▸ Task objective: Everything in the listing should be transcribed exactly, apart from the pictures.

▸ Entries shown:
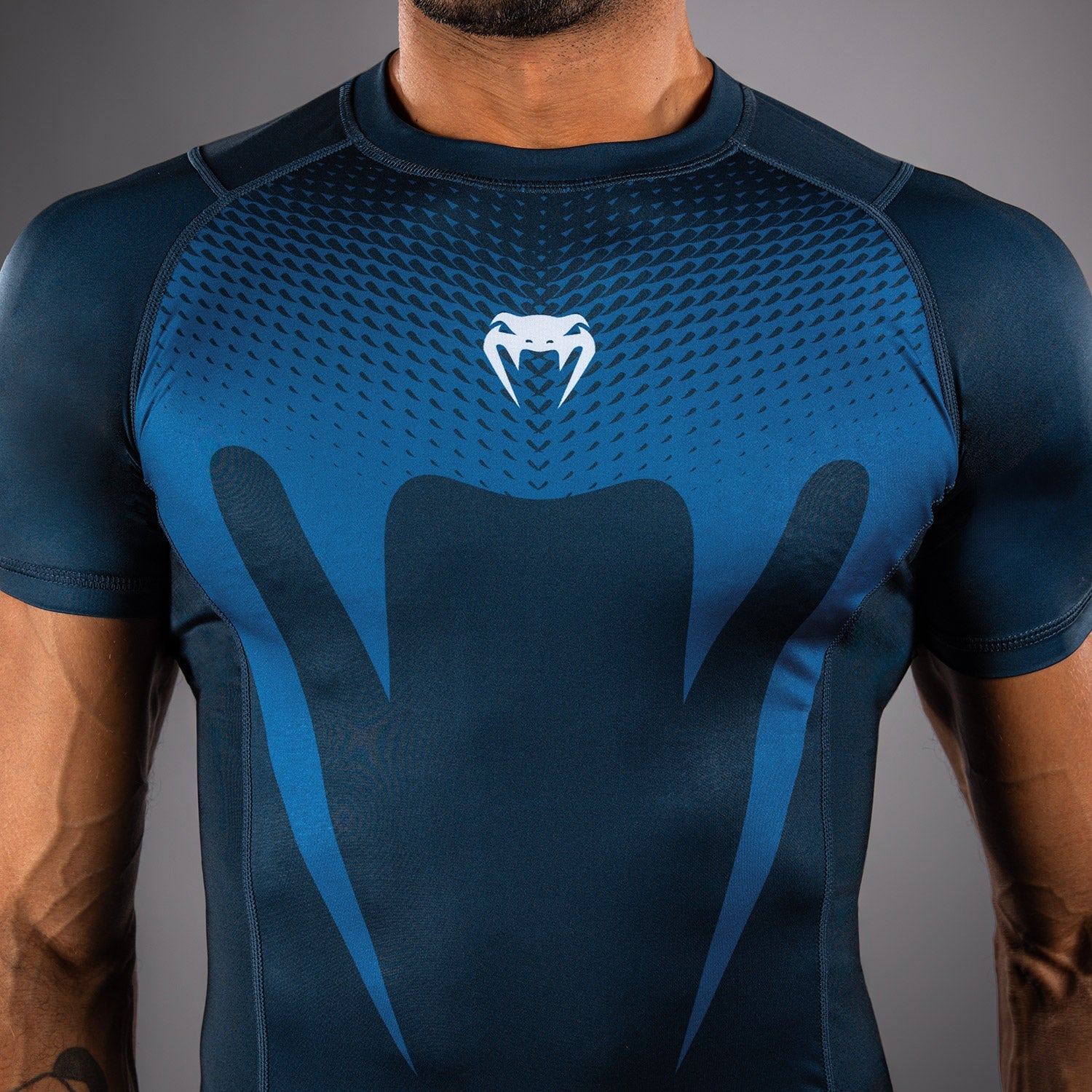 Venum No Gi Short Sleeve Rashguards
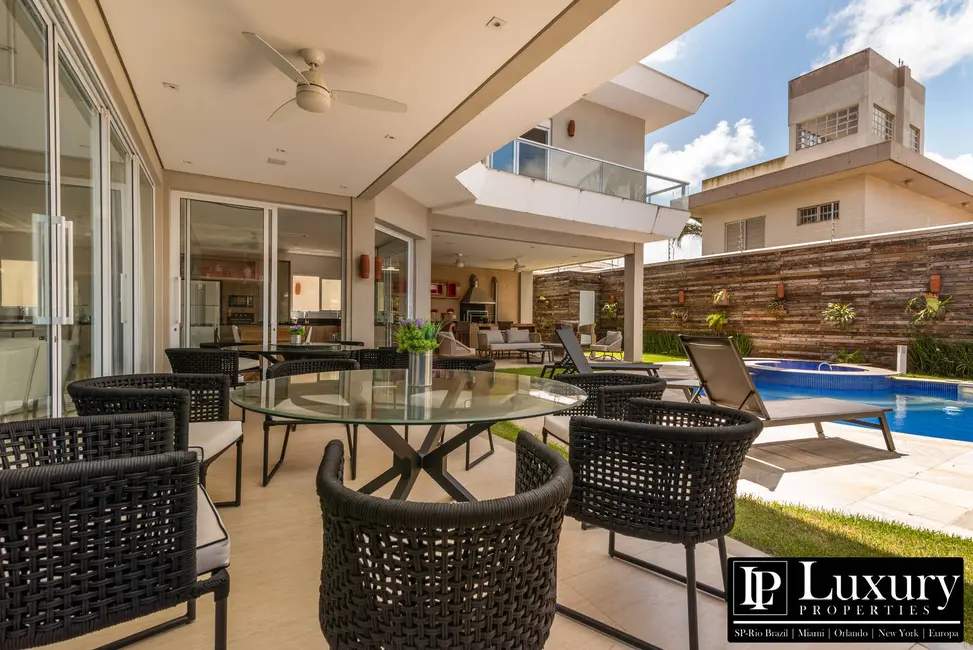 Foto 4 de Casa com 5 quartos à venda em Enseada, Guaruja - SP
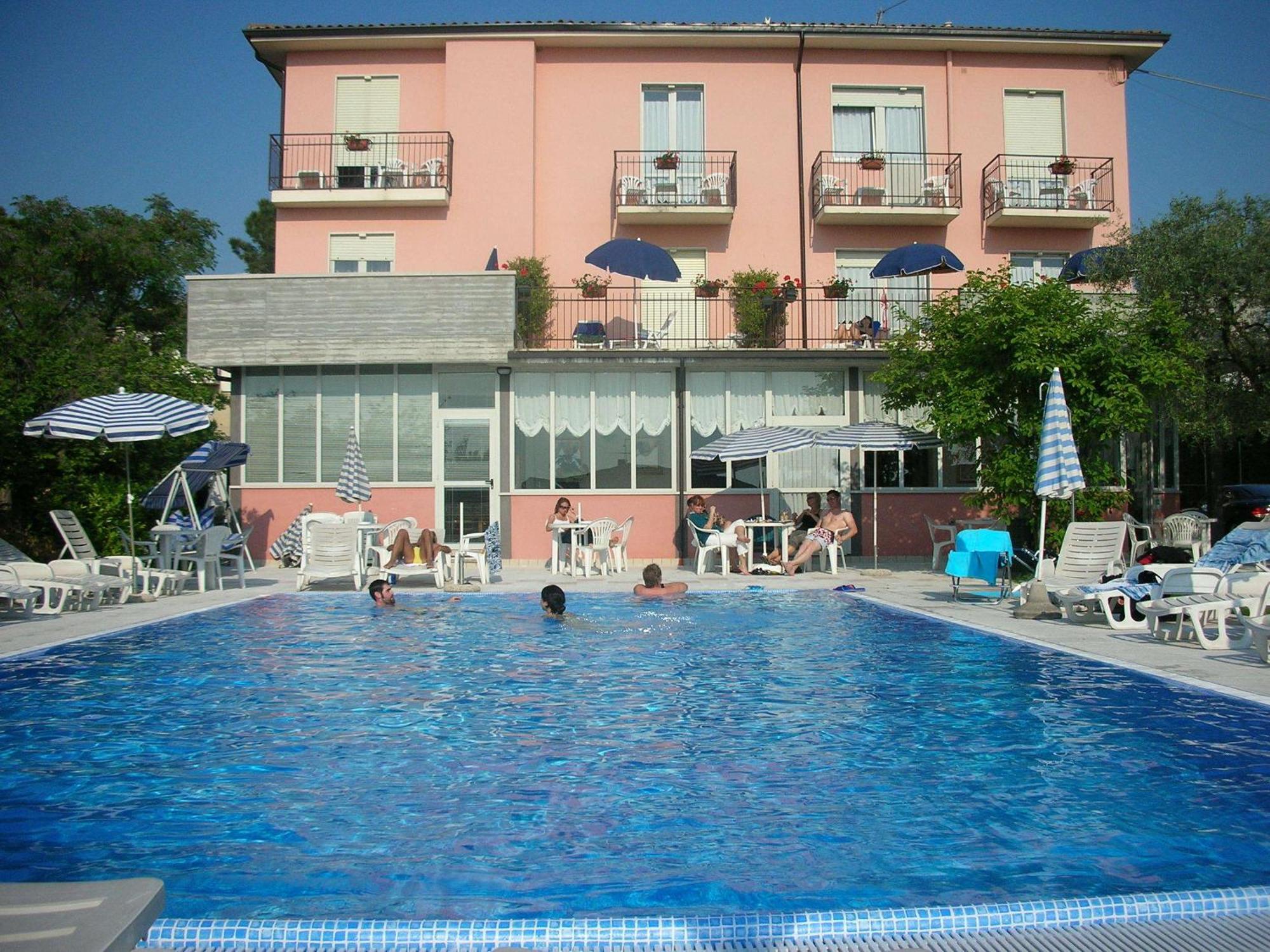 Ca Masawalsa Hotel Bardolino Exterior foto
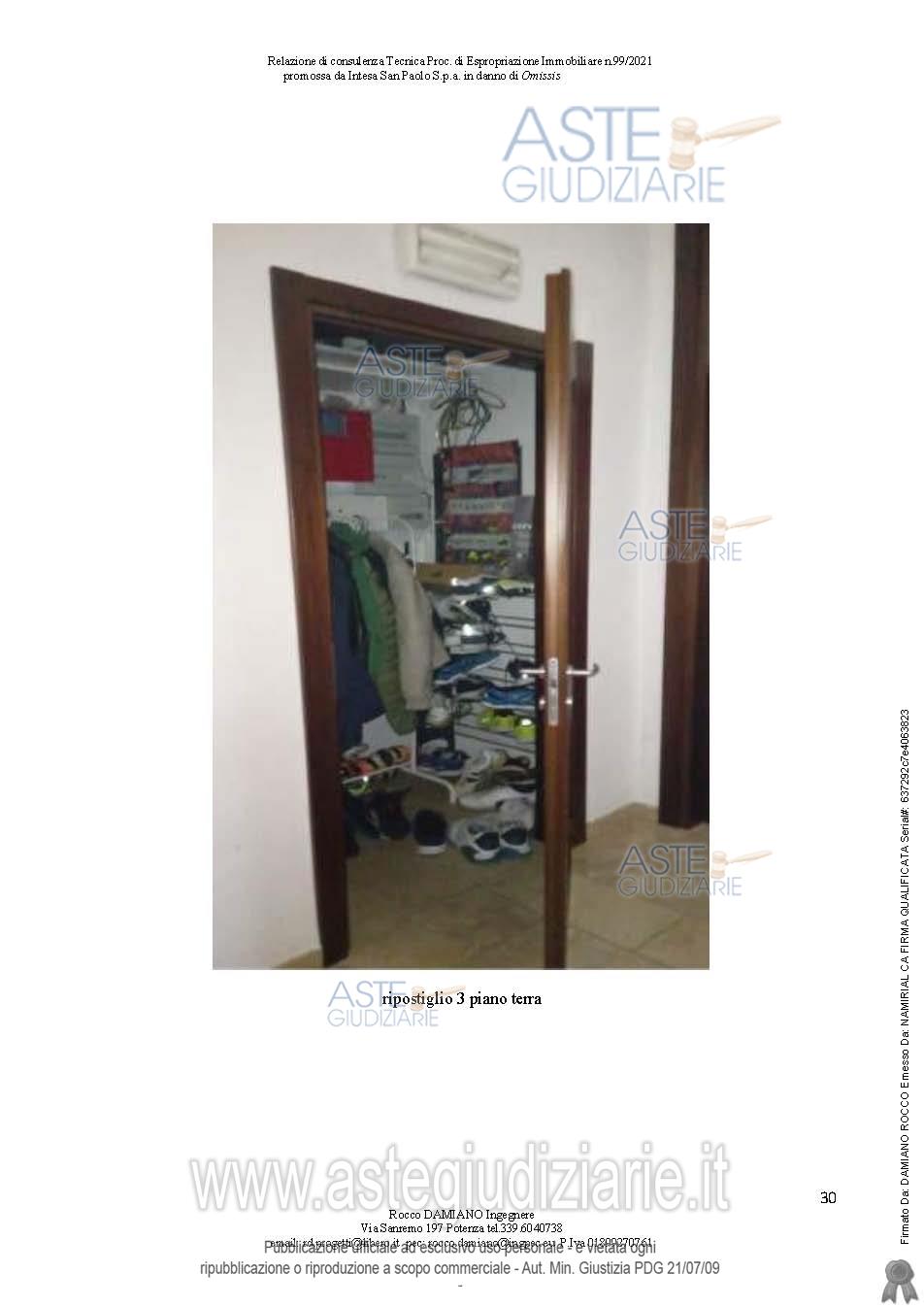 Fotografia del bene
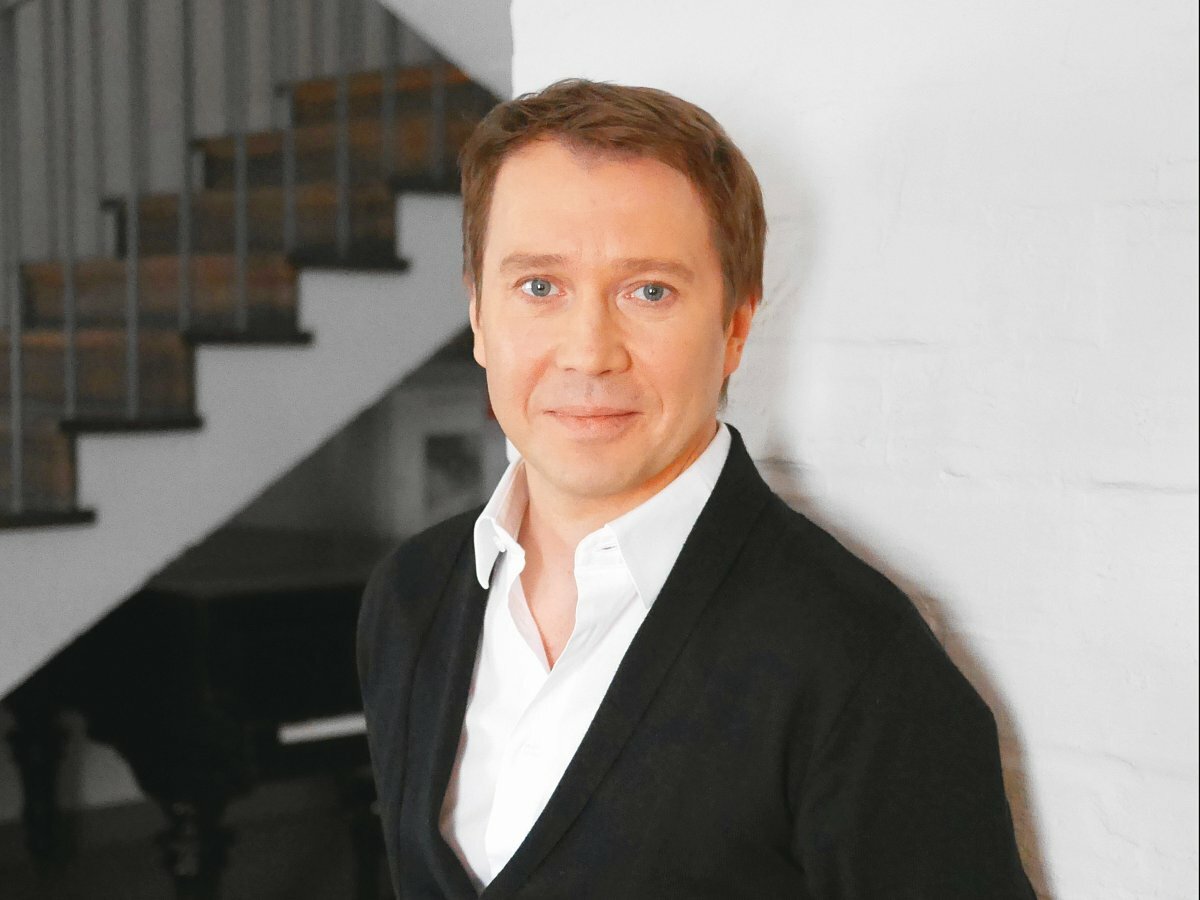 актер евгений миронов фото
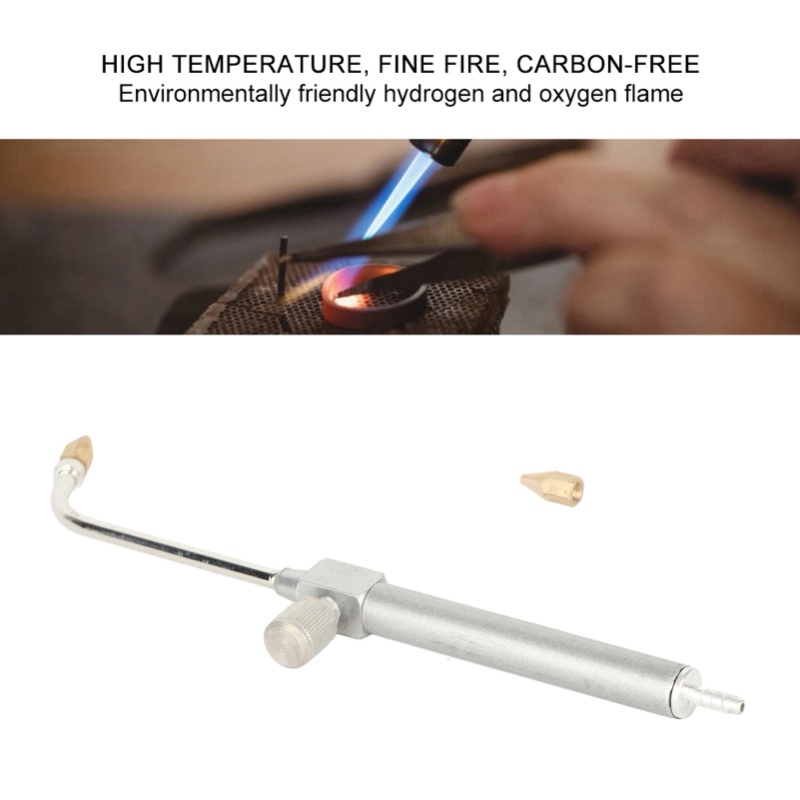 Gaz Meşalesi Kaynak Lehimleme  - Jewelry Making Torch incelemesi ve fiyatı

▸ Exercise solution:
 Venum No Gi Short Sleeve Rashguards
 Foto 4 de Casa com 5 quartos à venda em Enseada, Guaruja - SP
 Ca Masawalsa Hotel Bardolino Exterior foto
 Fotografia del bene
 актер евгений миронов фото
 Gaz Meşalesi Kaynak Lehimleme  - Jewelry Making Torch incelemesi ve fiyatı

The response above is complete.